* Supplied data

::::::::::

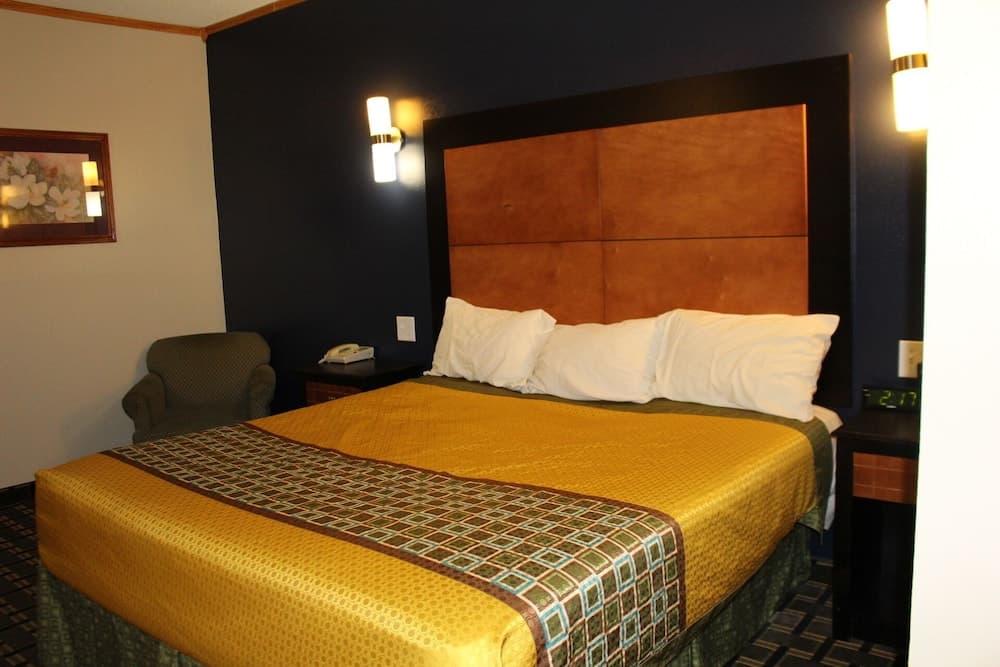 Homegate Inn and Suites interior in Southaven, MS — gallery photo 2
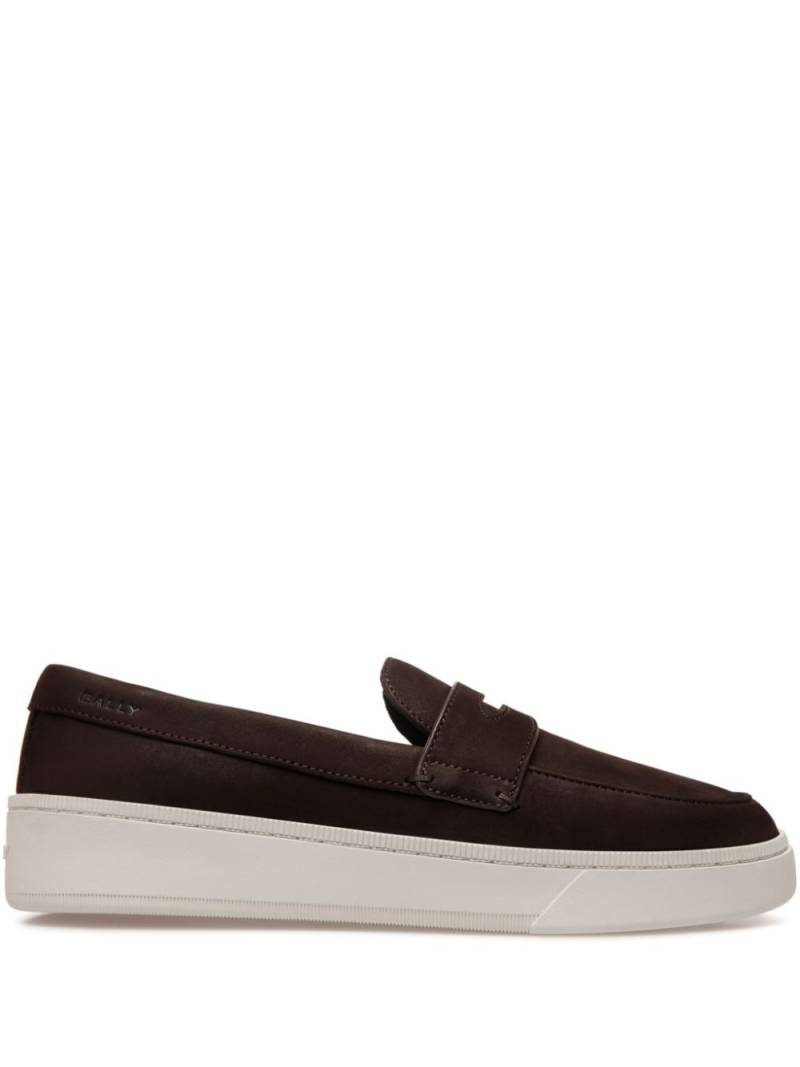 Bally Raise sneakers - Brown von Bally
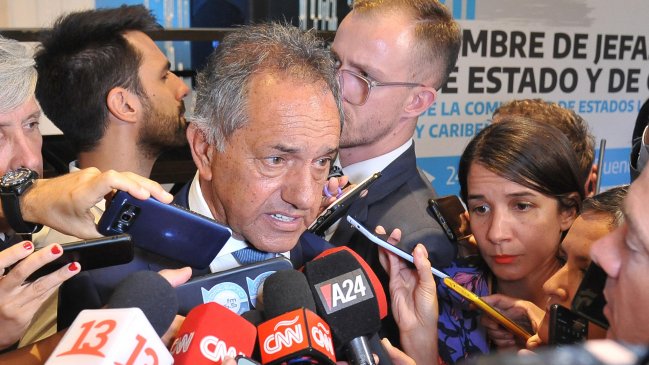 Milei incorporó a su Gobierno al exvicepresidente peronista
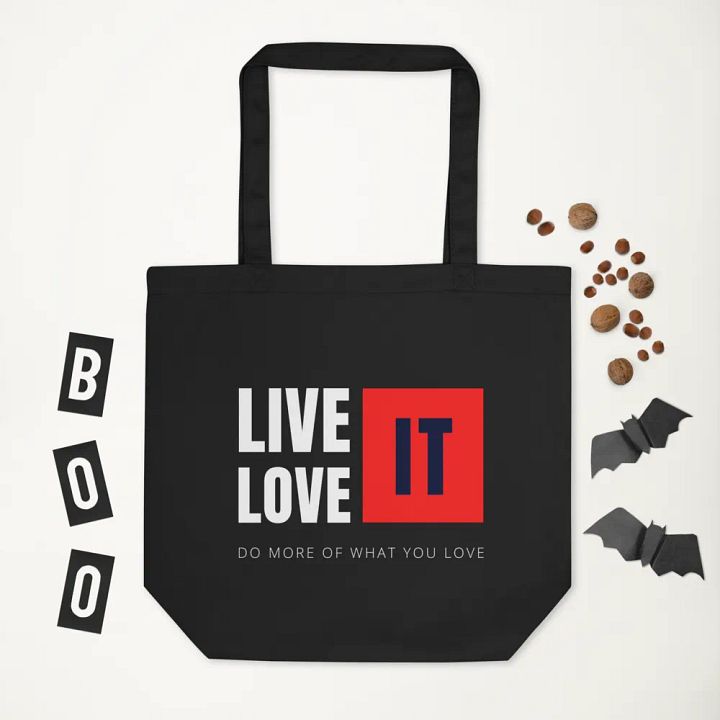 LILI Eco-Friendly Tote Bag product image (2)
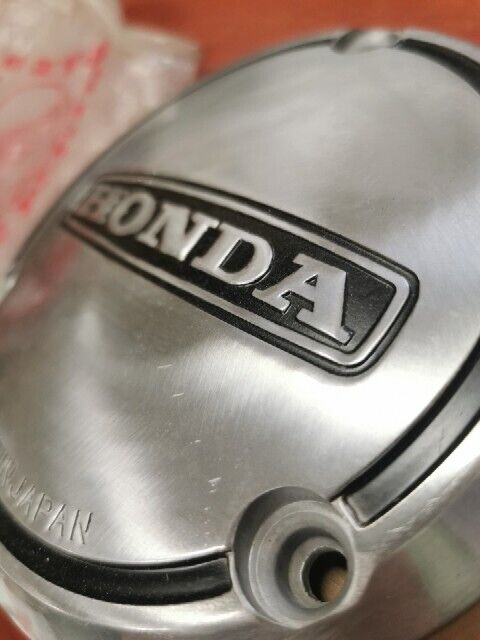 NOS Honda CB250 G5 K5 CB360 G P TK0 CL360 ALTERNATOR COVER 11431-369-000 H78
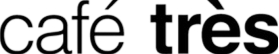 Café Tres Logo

::::::::::

* Task requirements
Type out all the records verbatim, minus images.

* Task response
 Homegate Inn and Suites interior in Southaven, MS — gallery photo 2
 Bally Raise sneakers - Brown von Bally
 Milei incorporó a su Gobierno al exvicepresidente peronista
 LILI Eco-Friendly Tote Bag product image (2)
 NOS Honda CB250 G5 K5 CB360 G P TK0 CL360 ALTERNATOR COVER 11431-369-000 H78
 Café Tres Logo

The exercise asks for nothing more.